Issue 33 | December 2014

Agency

BBDO New York

Creative Team

Chief Creative Officers David Lubars Greg Hahn Executive Creative Directors Chris Beresford-Hill Dan Lucey Art Directors Jesse Snyder James Kuczynski Copywriters Tim Wassler Ryan Lawrence

Production Team

Production Company The Kitchen Director Lawrence Chen Director of Photography Tinx Chan Line Producer Jonathan Hsu Editors Keith Vogelsong Nick Divers Music Company Apollo Studios

Other Credits

Director of Integrated Production David Rolfe Associate Director of Digital Production Joe Croson Lead Producer David Martinez Shot Producer Eric Bloom Associate Producer Courtney Fallow Production Supervisor Michael Gentile Account Team Janelle Van Wonderen Nick Robbins Samuel Henderson Senior Digital Strategist Rhys Hillman Senior Planner Brit Browning

Date

October 2014

Background

James Harden was a basketball player with the Houston Rockets. In 2013 he featured in a successful Foot Locker campaign in which he sang a song so badly it was amazing. The TV commercial had notched up 6 million views on YouTube. Foot Locker wanted to give those loyal fans a more interactive experience with brand ambassador James Harden.

Idea

H-O-R-S-E was a schooldays game when players took turns to make the same shot with a basketball. Whoever missed another person's shot was given a letter. The first person to spell out 'horse' was the loser.

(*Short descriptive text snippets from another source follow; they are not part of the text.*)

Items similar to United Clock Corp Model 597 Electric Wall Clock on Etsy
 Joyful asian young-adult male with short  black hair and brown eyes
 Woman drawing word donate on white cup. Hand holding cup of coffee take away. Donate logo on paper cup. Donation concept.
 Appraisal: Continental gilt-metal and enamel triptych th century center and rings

The idea here was to get the entire internet to challenge James Harden to horse over the course of a week. Fans were invited to film themselves shooting crazy and creative shots and submit these through Twitter and Instagram to @footlocker with #horsewithharden.

Harden then tried to replicate the shots, even the incredible trick shots behind the back and over the head which fans had managed to pull off after many attempts.

Every shot he made was filmed and tweeted back out the person who originally submitted the shot.

The live event, on the night of October 1st, was livestreamed for fans to watch. The highlights were edited down into a short online video which was released the next day through Foot Locker's feeds.

Harden managed to match a surprising number of tricky shots and managed to beat the internet in two rounds out of three.

Results

#HorseWithHarden had a potential reach of nearly 61 million people.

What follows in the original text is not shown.